→ Brief: Starting at the line with "Arabesque, Trditional Crewel" and stopping at the final line, retype the data below exactly; do not carry over any pictures.

Extracted information below:

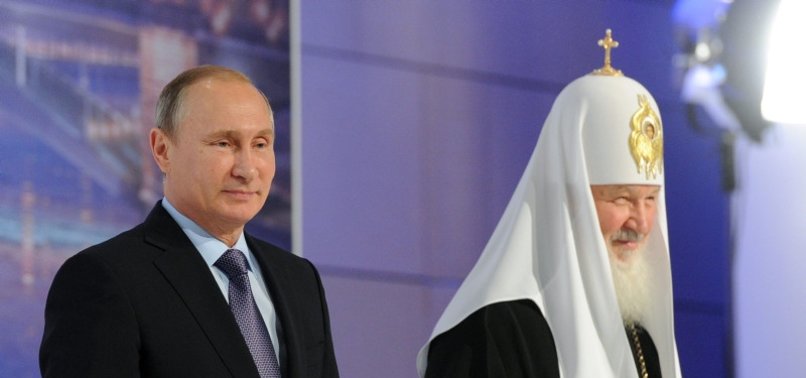 RUSSIAS ORTHODOX LEADER URGES UNITY, SAYS SUPPORTS PUTIN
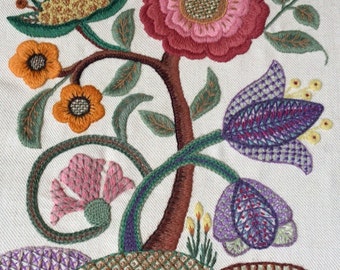 Arabesque, Trditional Crewel Embroidery Design from NeedlewomanStudio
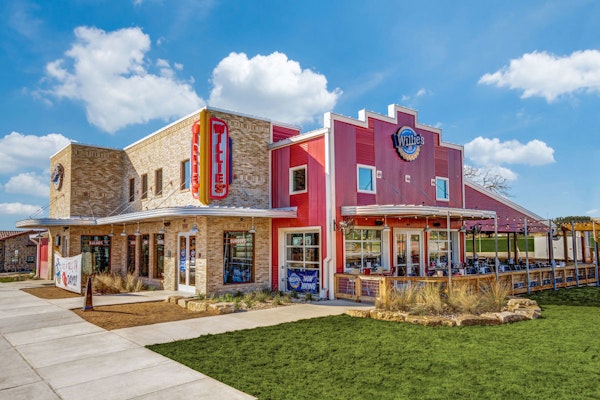 Case Study: How Willie's Icehouse Leverages Industry Benchmarking & Insights to Elevate Restaurant Experience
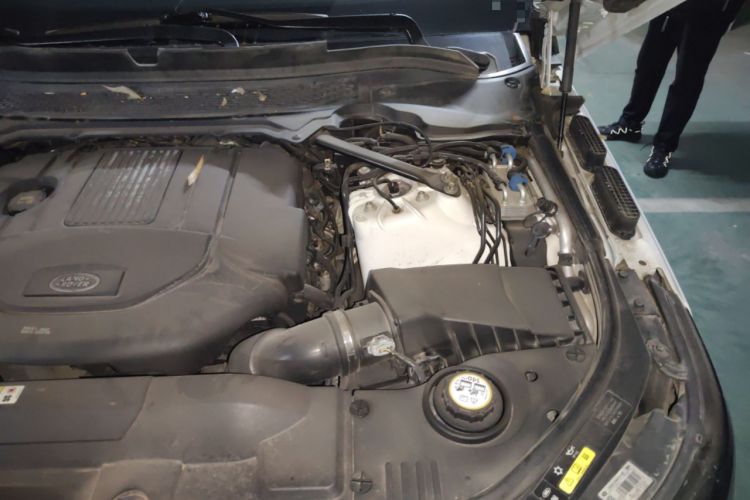 Used Land Rover Range 2015 3.0 TDV6 Vogue SE Extended-Length Model Engine Bay Left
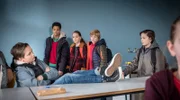 In der Klasse hat Neuankömmling Yanis es sichtlich schwer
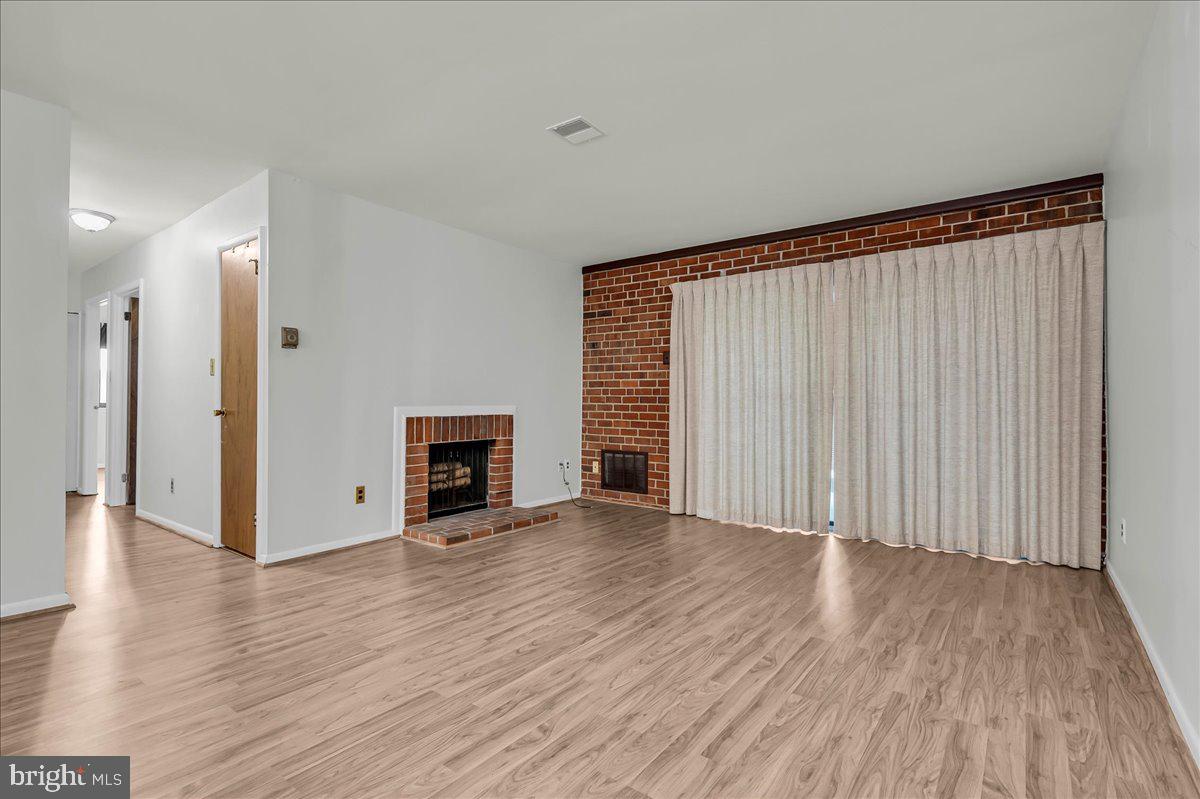 3600 Rustic Lane, Unit 245 Wilmington, DE 19808 - Photo 5 of 23 Living Room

End of Extracted information.

→ Task response:
 Arabesque, Trditional Crewel Embroidery Design from NeedlewomanStudio
 Case Study: How Willie's Icehouse Leverages Industry Benchmarking & Insights to Elevate Restaurant Experience
 Used Land Rover Range 2015 3.0 TDV6 Vogue SE Extended-Length Model Engine Bay Left
 In der Klasse hat Neuankömmling Yanis es sichtlich schwer
 3600 Rustic Lane, Unit 245 Wilmington, DE 19808 - Photo 5 of 23 Living Room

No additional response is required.